Poco o nulla si sa della sua formazione, tranne che per gli studi con lo zio Michele. Nella sua opera Gemme antiche (Roma 1809) dichiarò: «fui educato in una Provincia del Regno di Napoli, ove il mio selvaggio ingegno crescendo senza certa instituzione, trascorse a suo piacimento» (p. 1). Dovette prendere l’abito sacerdotale: come «reverendo» è denominato in una lettera dell’avvocato regio Natale Maria Cimaglia del 9 ottobre 1785, che fa riferimento alle sue attività di scavo e ai «vasi, anelli e monili» raccolti nella sua casa (Napolitano, 2011, pp. XXVI-XXVIII).
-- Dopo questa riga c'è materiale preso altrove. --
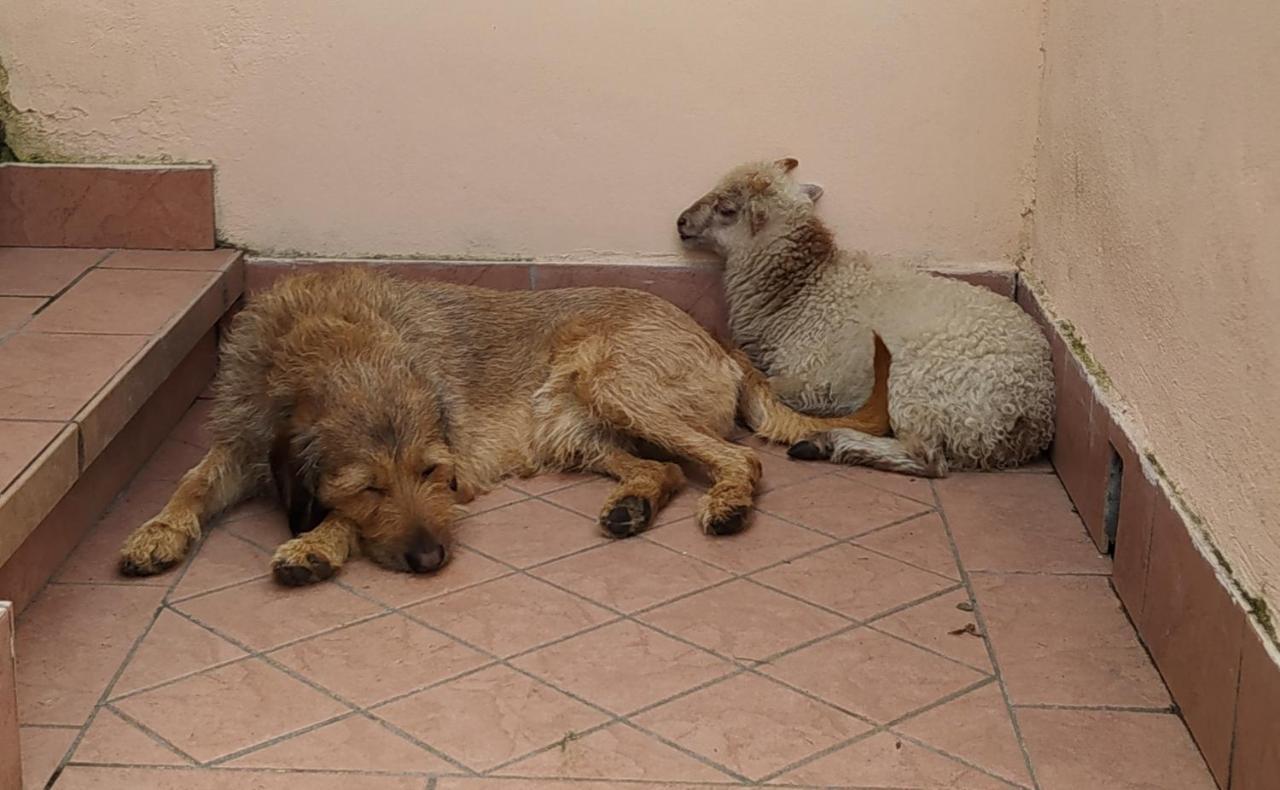 Appartamento La casa di Nello Pedemonte Esterno foto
Alla metà degli anni Ottanta questa raccolta, forte di più di duecento reperti vascolari antichi, era ben nota a visitatori illustri, come l’erudito massone danese Friedrich Münter, o il pittore tedesco Johann Heinrich Tischbein, definito da Vivenzio «ottimo amico» (Sepolcri nolani, a cura di S. Napolitano, 2011, p. 5). Negli anni seguenti fu meta di numerosi ministri e inviati stranieri. Il 20 giugno 1790, per esempio, come riferì il nobile letterato di origine lombarda Carlo Castone della Torre di Rezzonico, nella casa nolana tra i vari visitatori fu presente, con la consorte, il ministro plenipotenziario inglese a Napoli, il celebre vulcanologo e collezionista William Hamilton (Napolitano, 2011, pp. XXX s.).
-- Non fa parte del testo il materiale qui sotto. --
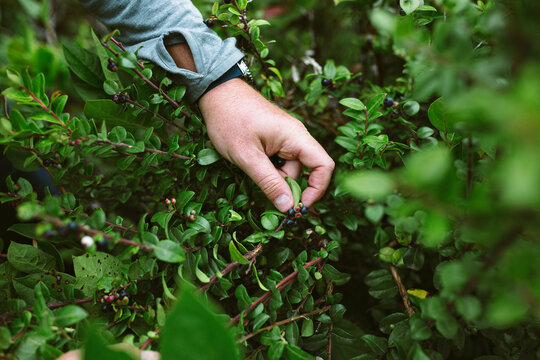 Wild Plants - digital file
Nel 1793 il letterato calabrese Michele Torcia dette come imminente la pubblicazione da parte di «Don Pietro Vivenzio» della «interpretazione [...] del suo incomparabile Museo Nolano», e attribuì ai «filomusi fratelli Vivenzio in Napoli» (cioè Giovanni e Nicola) la storia «di tal Ποιχιλις figulina dagl’inizi al suo fine» (Fogge ed usi peligni delle donne di Scanno, pp. 66, 72). Secondo la testimonianza di Vivenzio stesso, egli completò nel 1798 un’opera sulle plastiche antiche simile a quella realizzata tra il 1806 e il 1809, che però era andata perduta (Sepolcri nolani, cit., p. 6). In quell’occasione fu dato incarico al pittore Costanzo Angelini di raffigurare su tavole i disegni presenti sui vasi.
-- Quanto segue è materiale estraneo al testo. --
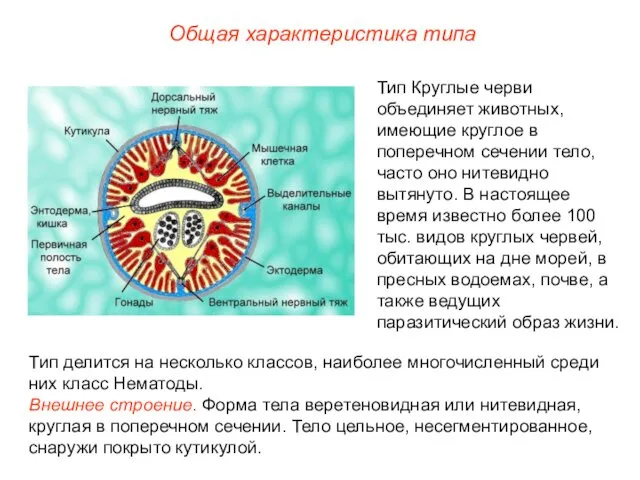 Общая характеристика типа Тип делится на несколько классов, наиболее многочисленный среди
Dedito principalmente alle attività di scavo nelle necropoli nolane, solo nel 1799 Vivenzio apparve sulla scena politica, a sostegno della dinastia borbonica contro i francesi e i repubblicani. Celebrò la restaurazione monarchica con l’inno Nella solenne festività della Croce nuovamente eretta nella città di Nola e si attivò al punto da preoccupare le stesse autorità regie. Ai primi di dicembre il commissario borbonico Michele de Curtis riferì che Vivenzio aveva mobilitato la popolazione intorno a un obelisco piantato nella piazza maggiore per celebrare la sconfitta dei francesi, provocando disordini e pericolosi assembramenti (Sorrentino, 1999, p. 65). Fu nominato comandante delle milizie provinciali e in tale veste pubblicò nel 1801 nella Stamperia reale un elogio in morte della principessa Maria Clementina: Ne’ funerali della regal principessa delle Sicilie Maria Clementina di Austria fatti celebrare in Nola dal direttore del reggimento della milizia urbana in quella città Pietro Vivenzio. Nel 1802 pubblicò un altro scritto encomiastico per il ritorno a Napoli di Ferdinando IV e del figlio Francesco, A sua altezza reale il principe ereditario per lo suo fausto ritorno. Nel 1803 fu incaricato di riscuotere gli affitti arretrati dei coloni del soppresso monastero dei SS. Severino e Sossio di Napoli (Sorrentino, 1999, p. 80).
Al ritorno dei francesi nel Regno di Napoli, nel 1806, si trasferì a Roma. Qui pubblicò nel 1809 presso Francesco Bourliè due opere: Gemme antiche per la più parte inedite e Lettere sopra i colossi del Quirinale scritte al sig. Pietro Benvenuti pittore d’istorie e direttore dell’Accademia delle belle arti in Firenze. Nella prima, indirizzandosi «a’ giovani studiosi» e «a’ professori delle belle arti» (p. 1), spiegava con ricchezza di riferimenti eruditi il significato delle figure rappresentate in una serie di gemme illustrate in trentadue tavole. Anche le Lettere (che furono recensite sul Giornale enciclopedico di Firenze, II (1810), pp. 108-110) avevano un intento pedagogico: nella prima sottolineava l’utilità dei gessi di celebri opere antiche (come i Dioscuri collocati sul Quirinale), per sottoporli allo studio dei giovani nelle accademie; nella seconda suggeriva una diversa disposizione dei colossi rispetto ai cavalli che li accompagnavano.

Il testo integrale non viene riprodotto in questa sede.